Passamos por um rapaz corpulento saindo da academia, com a blusa enrolada no ombro e tomando a água da garrafa.

Ao olhar para ele eu entrei em um dos piores conflitos que uma pessoa poderia entrar. Eu quero, mas eu não posso. Não posso continuar com isso, eu já ouvi tantas pessoas julgando e condenando os gays por ser quem são, falando que é pecado e que estão condenados a queimar no inferno pela eternidade... Isso me assusta!

Desde muito pequeno, eu cresci agradando os outros. Sempre colocava os outros em primeiro lugar, não importa se eu fosse me prejudicar. Meus pais são quem mais cobram de mim, todos os dias meu pai pergunta sobre as minhas namoradas e quando eu vou ter uma? Não consigo aguentar isso por muito tempo.

Quando viram o beijo gay pela primeira vez na televisão, eu estava em meu quarto quando meu cunhado gritou para minha mãe.

— OLHA ISSO VIVIANE!

— Eu to vendo... Que absurdo! Não acredito nisso - Ela respondeu. Suas palavras foram devastadoras para mim, e parei o que estava fazendo por alguns segundos, fechei meus olhos e tentei apagar aquele momento da minha memória.
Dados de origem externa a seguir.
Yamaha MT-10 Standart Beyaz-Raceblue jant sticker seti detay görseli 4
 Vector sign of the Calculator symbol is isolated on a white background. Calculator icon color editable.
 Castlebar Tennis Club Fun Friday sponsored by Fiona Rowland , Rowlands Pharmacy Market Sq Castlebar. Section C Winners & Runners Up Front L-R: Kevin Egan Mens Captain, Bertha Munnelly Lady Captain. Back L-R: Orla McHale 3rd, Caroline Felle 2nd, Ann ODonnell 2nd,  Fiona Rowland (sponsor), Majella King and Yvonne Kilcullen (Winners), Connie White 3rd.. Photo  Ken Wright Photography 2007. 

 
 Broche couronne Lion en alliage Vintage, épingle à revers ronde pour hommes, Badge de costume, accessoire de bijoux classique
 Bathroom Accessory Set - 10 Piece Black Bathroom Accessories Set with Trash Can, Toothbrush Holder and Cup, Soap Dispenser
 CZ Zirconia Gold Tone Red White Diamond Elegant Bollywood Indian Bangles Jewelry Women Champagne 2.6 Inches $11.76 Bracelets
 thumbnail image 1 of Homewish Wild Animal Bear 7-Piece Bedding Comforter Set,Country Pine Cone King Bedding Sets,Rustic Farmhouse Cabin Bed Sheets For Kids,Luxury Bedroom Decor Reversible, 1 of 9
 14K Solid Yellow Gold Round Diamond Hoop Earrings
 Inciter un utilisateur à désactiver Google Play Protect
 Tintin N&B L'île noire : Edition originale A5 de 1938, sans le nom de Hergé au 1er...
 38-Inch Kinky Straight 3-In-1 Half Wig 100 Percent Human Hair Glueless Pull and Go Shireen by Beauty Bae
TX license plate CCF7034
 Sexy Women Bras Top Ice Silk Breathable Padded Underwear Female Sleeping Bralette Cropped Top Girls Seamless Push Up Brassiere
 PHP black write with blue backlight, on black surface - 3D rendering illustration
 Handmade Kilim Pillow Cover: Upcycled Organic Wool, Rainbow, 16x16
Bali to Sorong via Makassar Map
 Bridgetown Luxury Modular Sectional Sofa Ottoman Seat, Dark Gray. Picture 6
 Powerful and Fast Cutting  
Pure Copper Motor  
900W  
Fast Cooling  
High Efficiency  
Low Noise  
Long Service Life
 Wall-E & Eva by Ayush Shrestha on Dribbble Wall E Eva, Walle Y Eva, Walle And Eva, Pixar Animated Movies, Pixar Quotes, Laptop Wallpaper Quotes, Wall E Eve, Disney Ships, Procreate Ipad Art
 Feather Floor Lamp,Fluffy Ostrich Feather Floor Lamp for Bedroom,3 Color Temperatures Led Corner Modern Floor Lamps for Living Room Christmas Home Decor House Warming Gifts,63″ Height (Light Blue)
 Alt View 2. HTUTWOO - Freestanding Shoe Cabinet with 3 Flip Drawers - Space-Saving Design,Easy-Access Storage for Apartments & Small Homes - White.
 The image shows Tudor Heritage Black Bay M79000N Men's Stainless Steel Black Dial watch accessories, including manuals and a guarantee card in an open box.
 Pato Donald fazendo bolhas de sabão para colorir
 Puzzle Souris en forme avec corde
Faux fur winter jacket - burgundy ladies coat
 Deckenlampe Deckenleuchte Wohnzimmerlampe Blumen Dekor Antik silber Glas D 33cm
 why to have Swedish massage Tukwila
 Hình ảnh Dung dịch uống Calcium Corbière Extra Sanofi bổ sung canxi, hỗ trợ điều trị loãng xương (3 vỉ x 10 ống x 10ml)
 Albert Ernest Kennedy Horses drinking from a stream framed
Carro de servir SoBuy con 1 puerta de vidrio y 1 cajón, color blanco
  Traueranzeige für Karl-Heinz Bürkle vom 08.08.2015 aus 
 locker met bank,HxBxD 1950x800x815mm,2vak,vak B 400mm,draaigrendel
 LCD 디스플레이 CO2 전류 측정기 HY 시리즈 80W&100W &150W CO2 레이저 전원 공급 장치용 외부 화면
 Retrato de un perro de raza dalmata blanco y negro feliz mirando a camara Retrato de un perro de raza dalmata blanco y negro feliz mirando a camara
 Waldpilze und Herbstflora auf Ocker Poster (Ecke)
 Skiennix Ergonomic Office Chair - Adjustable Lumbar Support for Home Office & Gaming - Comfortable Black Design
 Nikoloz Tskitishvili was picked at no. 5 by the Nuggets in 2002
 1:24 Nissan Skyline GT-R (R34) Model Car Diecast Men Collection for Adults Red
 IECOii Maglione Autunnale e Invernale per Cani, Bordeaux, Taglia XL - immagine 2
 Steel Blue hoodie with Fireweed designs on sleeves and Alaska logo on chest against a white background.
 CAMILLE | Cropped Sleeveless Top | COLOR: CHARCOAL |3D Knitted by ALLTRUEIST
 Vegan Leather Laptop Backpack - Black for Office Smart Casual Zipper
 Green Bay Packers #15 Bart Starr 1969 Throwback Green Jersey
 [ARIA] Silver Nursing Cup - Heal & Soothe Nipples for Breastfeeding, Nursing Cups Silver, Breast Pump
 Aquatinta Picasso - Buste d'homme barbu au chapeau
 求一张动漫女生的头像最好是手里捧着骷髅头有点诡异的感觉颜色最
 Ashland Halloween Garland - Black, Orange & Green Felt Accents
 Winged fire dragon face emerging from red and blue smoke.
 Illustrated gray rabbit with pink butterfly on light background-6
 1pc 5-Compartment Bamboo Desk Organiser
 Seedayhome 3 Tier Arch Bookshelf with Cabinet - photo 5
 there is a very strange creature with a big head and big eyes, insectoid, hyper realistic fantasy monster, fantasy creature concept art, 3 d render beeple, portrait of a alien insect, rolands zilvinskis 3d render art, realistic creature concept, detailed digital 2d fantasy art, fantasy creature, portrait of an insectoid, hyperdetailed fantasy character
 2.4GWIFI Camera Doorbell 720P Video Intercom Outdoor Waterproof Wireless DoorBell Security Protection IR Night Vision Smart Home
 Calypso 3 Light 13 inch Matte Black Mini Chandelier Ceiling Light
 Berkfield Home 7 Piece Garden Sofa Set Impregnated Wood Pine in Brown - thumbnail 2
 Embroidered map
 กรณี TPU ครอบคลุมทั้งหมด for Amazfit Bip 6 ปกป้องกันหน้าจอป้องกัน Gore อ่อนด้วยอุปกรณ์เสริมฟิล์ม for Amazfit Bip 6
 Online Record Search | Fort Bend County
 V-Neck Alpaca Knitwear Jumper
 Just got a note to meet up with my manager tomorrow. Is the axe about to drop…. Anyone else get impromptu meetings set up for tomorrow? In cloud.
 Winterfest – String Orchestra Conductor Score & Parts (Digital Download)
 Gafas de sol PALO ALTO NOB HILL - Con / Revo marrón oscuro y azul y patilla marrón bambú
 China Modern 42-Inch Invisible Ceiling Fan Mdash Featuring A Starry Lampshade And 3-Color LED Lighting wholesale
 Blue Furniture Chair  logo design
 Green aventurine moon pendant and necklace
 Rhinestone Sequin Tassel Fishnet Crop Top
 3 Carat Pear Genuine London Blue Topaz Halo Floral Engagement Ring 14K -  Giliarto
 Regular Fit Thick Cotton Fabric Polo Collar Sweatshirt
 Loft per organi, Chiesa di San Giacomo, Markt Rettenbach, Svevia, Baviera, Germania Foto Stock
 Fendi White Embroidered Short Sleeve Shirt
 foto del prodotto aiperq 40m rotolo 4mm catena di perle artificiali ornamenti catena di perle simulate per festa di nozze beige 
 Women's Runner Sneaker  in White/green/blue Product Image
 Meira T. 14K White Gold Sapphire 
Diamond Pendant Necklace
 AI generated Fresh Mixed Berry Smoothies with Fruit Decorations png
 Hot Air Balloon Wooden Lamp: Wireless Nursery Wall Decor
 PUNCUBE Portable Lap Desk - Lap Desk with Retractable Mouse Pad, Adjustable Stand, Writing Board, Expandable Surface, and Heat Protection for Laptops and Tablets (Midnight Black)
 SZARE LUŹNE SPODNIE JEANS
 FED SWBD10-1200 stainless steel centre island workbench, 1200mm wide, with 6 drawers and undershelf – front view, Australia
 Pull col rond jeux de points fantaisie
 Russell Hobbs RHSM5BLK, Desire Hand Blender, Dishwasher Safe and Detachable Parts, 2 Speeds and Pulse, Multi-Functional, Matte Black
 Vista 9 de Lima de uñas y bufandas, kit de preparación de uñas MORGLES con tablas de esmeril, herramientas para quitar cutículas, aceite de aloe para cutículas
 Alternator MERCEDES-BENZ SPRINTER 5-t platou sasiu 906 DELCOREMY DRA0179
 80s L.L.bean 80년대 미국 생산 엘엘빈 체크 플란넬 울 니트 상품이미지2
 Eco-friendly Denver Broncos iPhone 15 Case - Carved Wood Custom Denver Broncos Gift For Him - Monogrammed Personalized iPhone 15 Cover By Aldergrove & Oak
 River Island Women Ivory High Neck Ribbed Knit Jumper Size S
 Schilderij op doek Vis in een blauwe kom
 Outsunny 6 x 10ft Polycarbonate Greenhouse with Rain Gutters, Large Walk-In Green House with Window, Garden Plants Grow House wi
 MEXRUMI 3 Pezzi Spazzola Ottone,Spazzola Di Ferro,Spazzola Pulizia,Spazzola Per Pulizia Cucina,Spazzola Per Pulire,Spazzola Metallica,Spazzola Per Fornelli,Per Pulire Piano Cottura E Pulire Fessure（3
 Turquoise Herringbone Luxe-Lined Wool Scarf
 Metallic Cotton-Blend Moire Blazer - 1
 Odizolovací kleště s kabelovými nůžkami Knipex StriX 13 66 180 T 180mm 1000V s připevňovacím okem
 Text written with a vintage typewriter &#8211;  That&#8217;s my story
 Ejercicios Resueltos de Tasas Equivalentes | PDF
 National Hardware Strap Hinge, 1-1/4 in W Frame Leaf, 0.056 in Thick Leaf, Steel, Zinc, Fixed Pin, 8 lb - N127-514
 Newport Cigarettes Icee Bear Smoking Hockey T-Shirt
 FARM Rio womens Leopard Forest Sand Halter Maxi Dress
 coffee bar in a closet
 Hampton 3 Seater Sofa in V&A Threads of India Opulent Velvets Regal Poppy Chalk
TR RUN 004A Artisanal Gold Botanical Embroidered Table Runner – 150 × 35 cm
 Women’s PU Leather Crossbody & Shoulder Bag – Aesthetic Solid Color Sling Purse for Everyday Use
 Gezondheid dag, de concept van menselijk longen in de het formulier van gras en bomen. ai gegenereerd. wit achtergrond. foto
Foi eu ver aquele rapaz saindo da academia e todas essas memórias retornaram com força. Abaixei minha cabeça, me culpando por tê-lo olhado, e segui assim até em casa.

O que tem de errado comigo? Esses sentimentos estão ficando mais fortes que antes, eu não posso me deixar levar por eles, tenho que ser forte! Meu interior grita sem parar, eu quero ser eu, sair dessa jaula psíquica que montei para mim. Todo mundo esconde quem é, pelo menos por um tempo. Às vezes você enterra alguma parte de si mesmo, tão profundamente, que precisa ser lembrado que ela ainda esta lá. E às vezes o que você quer, é só esquecer quem você é, por inteiro.